━━━━━ Dataset extract ━━━━━

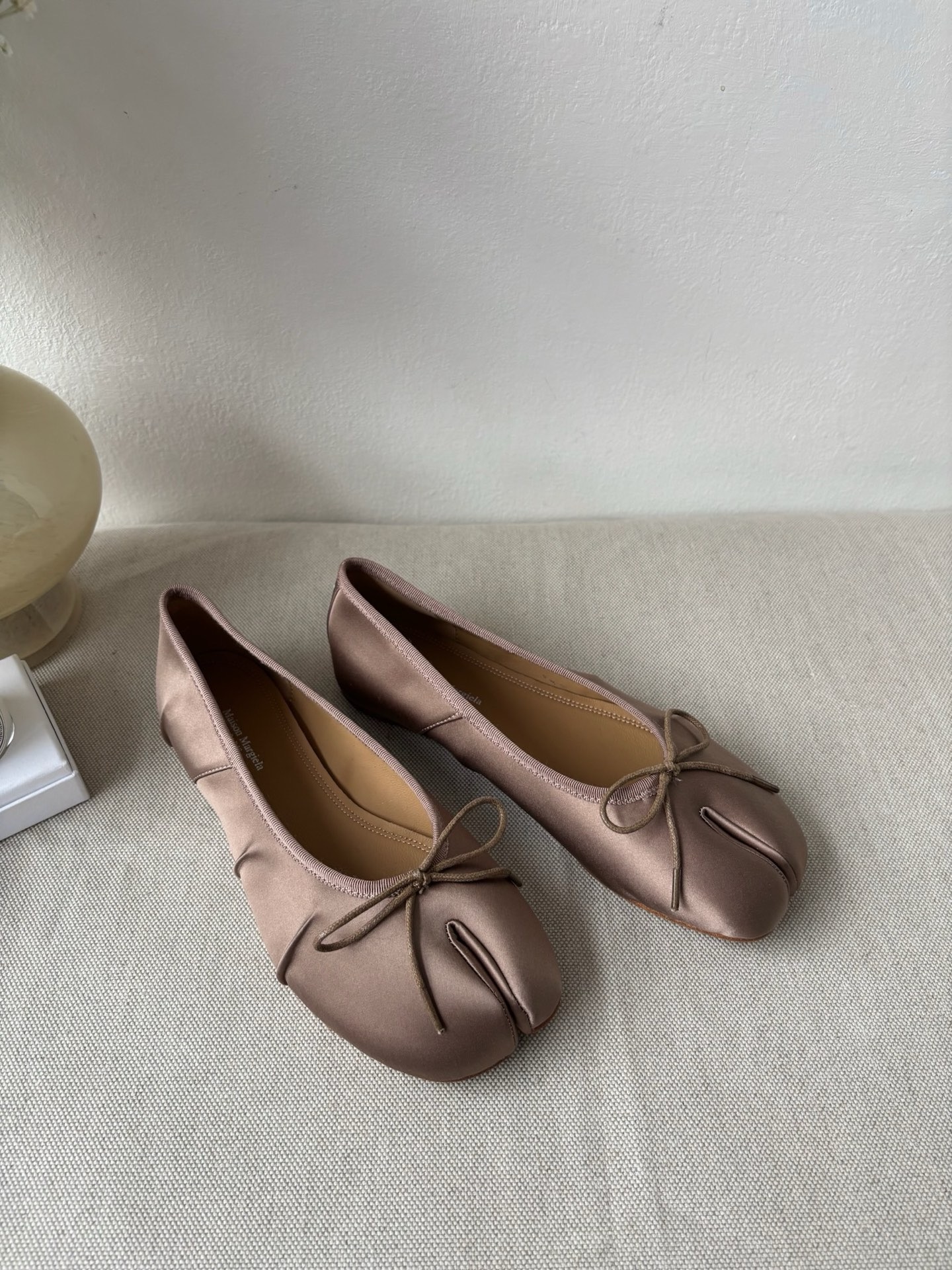 발렌시아가 Maison Margiela 플랫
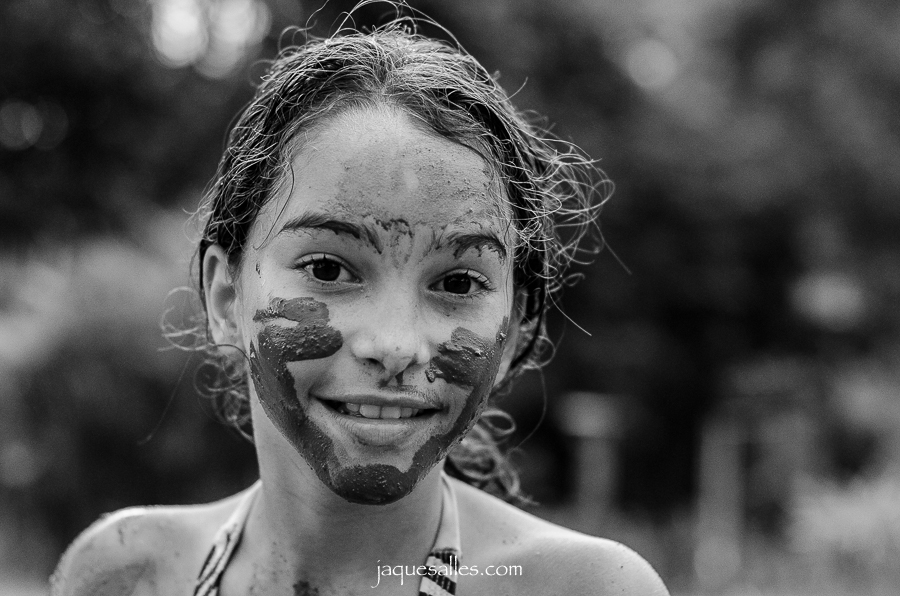 criança com o corpo sujo de lama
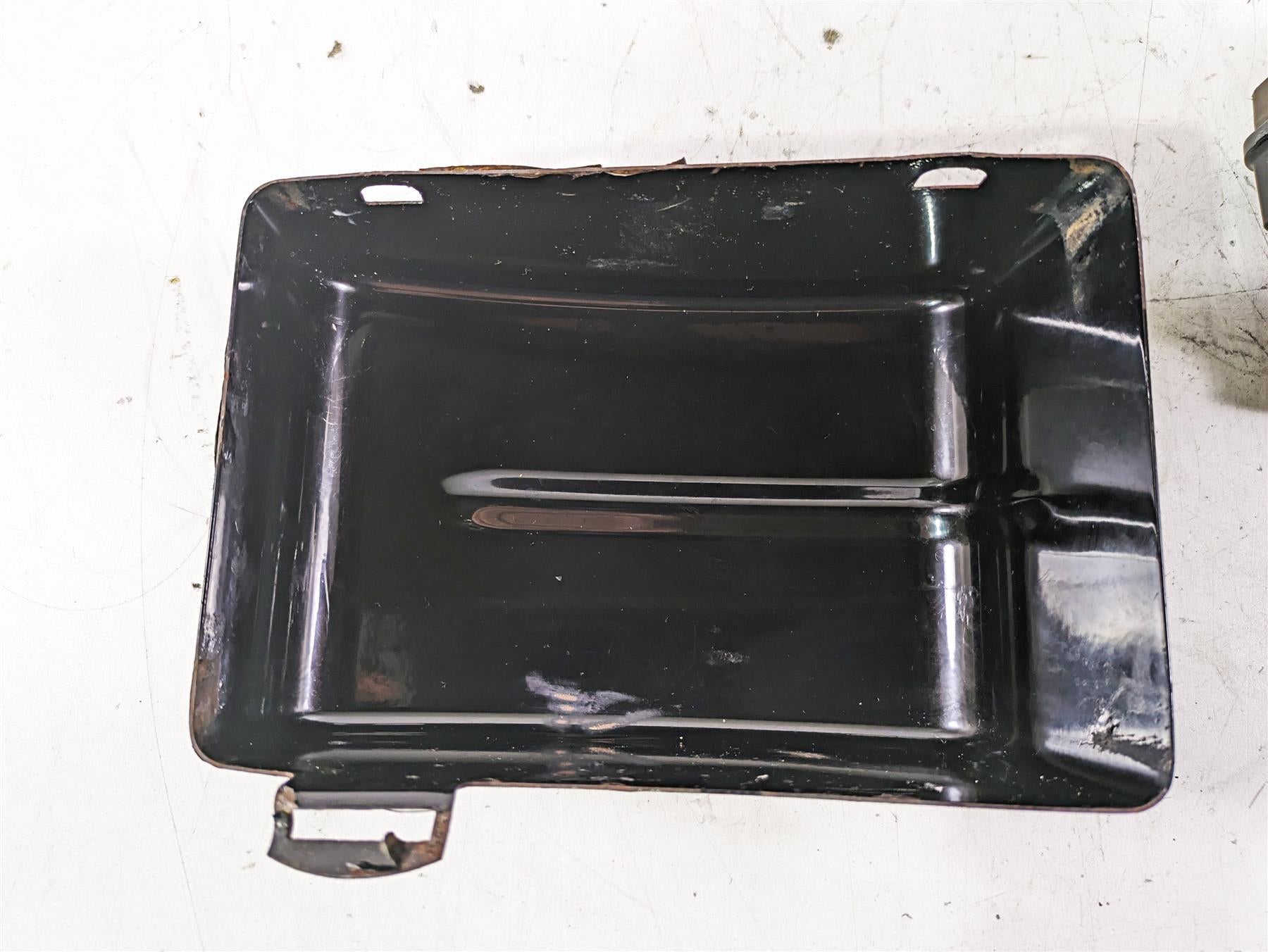 2013 Harley FXDWG Dyna Wide Glide Electrical Tray Stay & Cover 70367-12 66361-12 {{ shop.shopifyCountryName }} - Mototech271
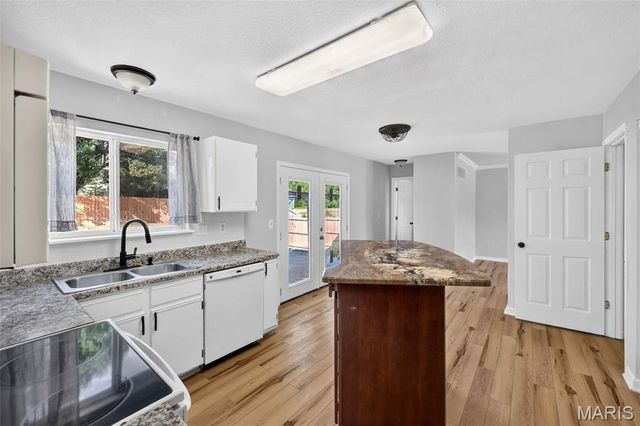 129 Royallbrook Lane, O'fallon, MO 63368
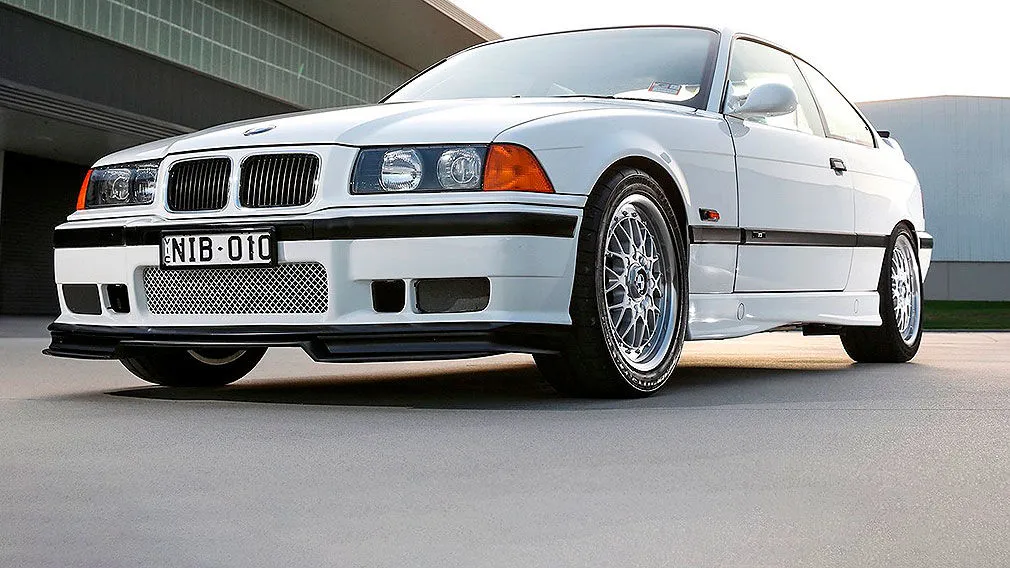 Какой аккумулятор устанавливается на BMW E36 3er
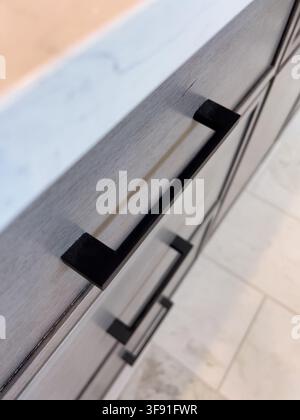 Minimalistische Hardware auf Badezimmerschubladen Stockfoto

━━━━━

Problem to solve> Starting at the line that holds "Какой аккумулятор устанавливается", repeat every line through the end of the listing exactly as written, skipping any picture.

Response area>
 Какой аккумулятор устанавливается на BMW E36 3er
 Minimalistische Hardware auf Badezimmerschubladen Stockfoto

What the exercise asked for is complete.